Valor diagnóstico do teste ergométrico na detecção da isquemia miocárdica silenciosa no paciente idoso com hipertensão sistólica

PURPOSE To evaluate the diagnosis value of exercise testing for silent myocardial ischemia in systolic hypertension of the elderly. METHODS We compared 110 patients with systolic hypertension (group A) with 104 patients without hypertension (group B).
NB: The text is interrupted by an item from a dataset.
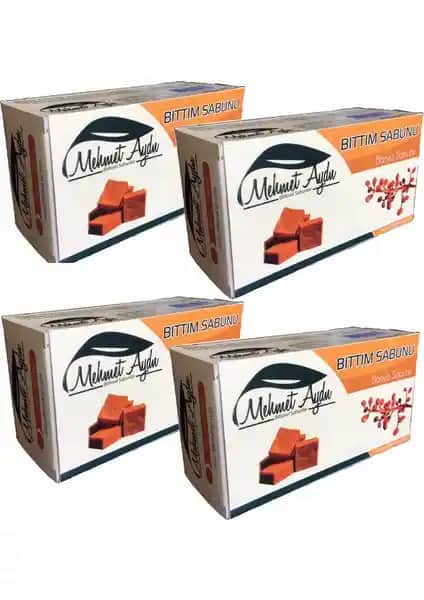 Mehmet Ayın Bıttım Sabunu: Doğal İçeriklerle Çok Yönlü Cilt ve Saç Bakımı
They were submitted to an exercise test according to the Bruce protocol, between January/91 to December/94. Exercise was discontinued if target heart rate was achieved, or fatigue, dyspnea, severe arrhythmia, hypotension or significant ST segment depression > or = 2 mm/0.2 mV developed. RESULTS Exercise testing showed ischemic ST depression in 22 (20%) of the elderly patients with hypertension systolic and 12 (11.5%) of control elderly patients. The exercise time was shorter in the hypertensives 7.1 +/- 2.9 min vs 8.8 +/- 2.5 min. The ST depression was greater in the hypertensives than the control group: 2.5 +/- 0.8 min vs 1.9 +/- 0.4 min. Also the duration or ischemic ST depression was longer in the hypertensive patients than the control group 5.4 +/- 2.8 min vs 3.4 +/- 1.9 min. CONCLUSION Elderly hypertensive patients with systolic hypertension have more silent myocardial ischemia than elderly without hypertension. Among the elderly hypertensive patients there was a prevalence of silent ischemia that was 1.7 times higher than in the normotensive elderlies (20% vs 11.5% P < 0.003).